O desafio do desenvolvimento merece toda a vossa atenção. Ainda neste campo aquilo que vós conseguirdes poderá servir de exemplo à humanidade. Os problemas das áreas rurais e urbanas, da indústria e da agricultura e do ambiente são em larga medida dever comum. A procura resoluta de tudo isto ajudará a difundir no continente um sentimento de fraternidade universal que ultrapassa as fronteiras e os regimes políticos. Sem prejuízo das responsabilidades dos Estados soberanos, descobrireis, como exigência lógica para vós, ocupar-vos dos problemas como o desemprego, a emigração e o comércio enquanto ocupação comum, cuja dimensão continental exige, em formas cada vez mais intensas, soluções mais orgânicas a nível continental. Tudo aquilo que fizerdes pela pessoa humana deterá a violência e as ameaças de subversão e de contra-estabilização. Porque, aceitando resolutamente as revisões exigidas por "este fundamental ponto de vista, que é o bem do homem — digamos, da pessoa na comunidade — e que, qual factor fundamental do bem comum, deve constituir o critério essencial de todos os programas, sistemas e regimes" (Redemptor Hominis, 17), vós dirigis as energias dos vossos povos em direcção à satisfação pacífica das suas aspirações.
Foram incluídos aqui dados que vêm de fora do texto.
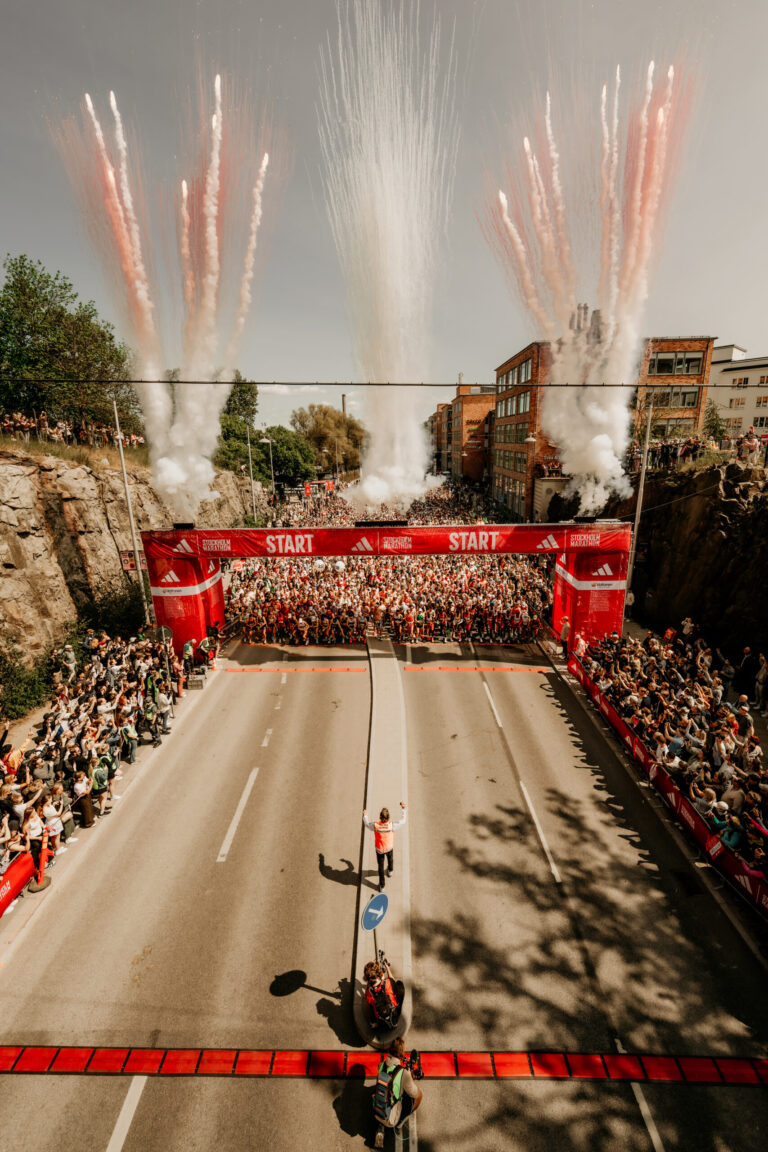 Fireworks go off at the start of the Stockholm Marathon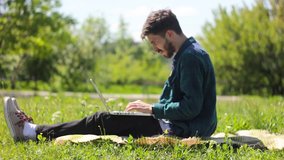 man using laptop in park on a summers day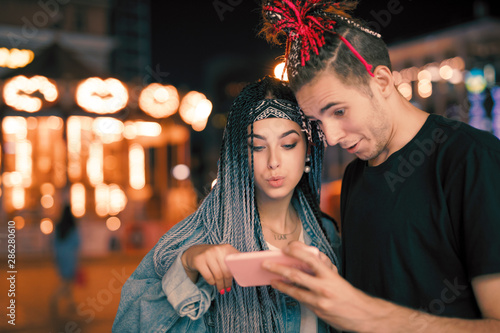 Young caucasian couple looking down at smartphone app in night city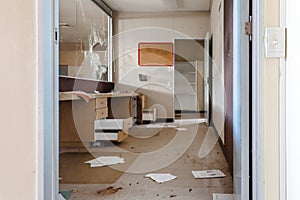 Vandalised office reception area of abandoned building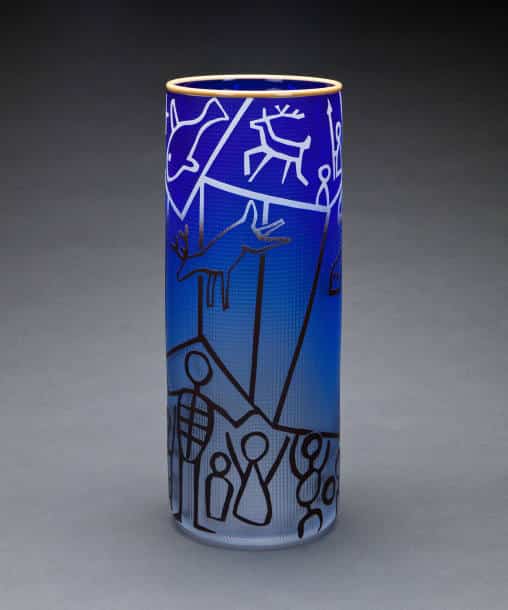 blue glass vase sketched with animal and human forms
A Santa Sé considerar-se-á sempre satisfeita de oferecer o seu desinteressado contributo a esta obra. As Igrejas locais das Américas farão o mesmo, no contexto das suas diversas responsabilidades. Favorecendo o progresso da pessoa humana, da sua dignidade e dos seus direitos, prestam um serviço à sociedade terrena, à sua coesão e às suas legítimas autoridades. A plena liberdade religiosa, que elas pedem, é para servirem não para se oporem à legítima autonomia da sociedade civil e dos seus particulares instrumentos de acção. Quanto mais os cidadãos estiverem à altura de exercer normalmente a sua liberdade na vida da nação, tanto mais rapidamente as comunidades cristãs poderão dedicar-se à missão central da evangelização, ou seja, a pregar o Evangelho de Cristo, fonte de vida, de fortaleza, de justiça e de paz.

(em inglês):

Com fervorosas orações pela prosperidade e concórdia, invoco sobre esta importante Assembleia, sobre os Representantes de todos os Estados membros e sobre as suas famílias, sobre todos os dilectos povos das Américas, os celestes favores e a bênção de Deus Omnipotente.

(em francês):

A minha presença aqui, na Sala das Américas, perante esta Assembleia que se consagra à colaboração interamericana, gostaria de exprimir ao mesmo tempo um desejo e uma oração. O meu desejo é que, em todas as nações deste continente, nenhum homem, nenhuma mulher, nenhuma criança se sinta alguma vez abandonado pelas legítimas Autoridades às quais está disposto a entregar toda a sua confiança na medida em que estas Autoridades operam para o bem comum. A minha oração é por que Deus Omnipotente ilumine os povos e os governantes para que possam descobrir formas sempre novas de colaboração a fim de construírem uma sociedade fraterna e justa.

(em português):

E mais uma palavra, antes de vos deixar com muita pena, confesso — depois desta primeira e breve visita à vossa veneranda Organização. No princípio do ano, quando da minha viagem ao México, eu já tinha tido a oportunidade de admirar, pela população local: o entusiasmo, a espontaneidade e a alegria de viver das gentes deste Continente. Estou convencido de que vós haveis de saber preservar o rico património humano e cultural dos vossos Povos: e, também com isso, haveis de saber manter as bases indispensáveis para o verdadeiro progresso, o qual, sempre e em toda a parte, é constituído pelo respeito da suprema dignidade do homem.